__WHAT THE TASK REQUIRES__.
First find the line containing "Cottage White Single" in the data, then set it down exactly along with every line after it, through the last.

__Saved entries__.
[Start of Attachment]
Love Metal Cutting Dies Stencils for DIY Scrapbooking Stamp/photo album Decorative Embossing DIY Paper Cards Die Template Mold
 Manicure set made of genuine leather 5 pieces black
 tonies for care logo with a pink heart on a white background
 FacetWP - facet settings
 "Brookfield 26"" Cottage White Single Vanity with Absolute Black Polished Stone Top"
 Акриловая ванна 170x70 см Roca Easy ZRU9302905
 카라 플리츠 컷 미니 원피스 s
[End of Attachment]
__RESULT OF THE EXERCISE__.
 "Brookfield 26"" Cottage White Single Vanity with Absolute Black Polished Stone Top"
 Акриловая ванна 170x70 см Roca Easy ZRU9302905
 카라 플리츠 컷 미니 원피스 s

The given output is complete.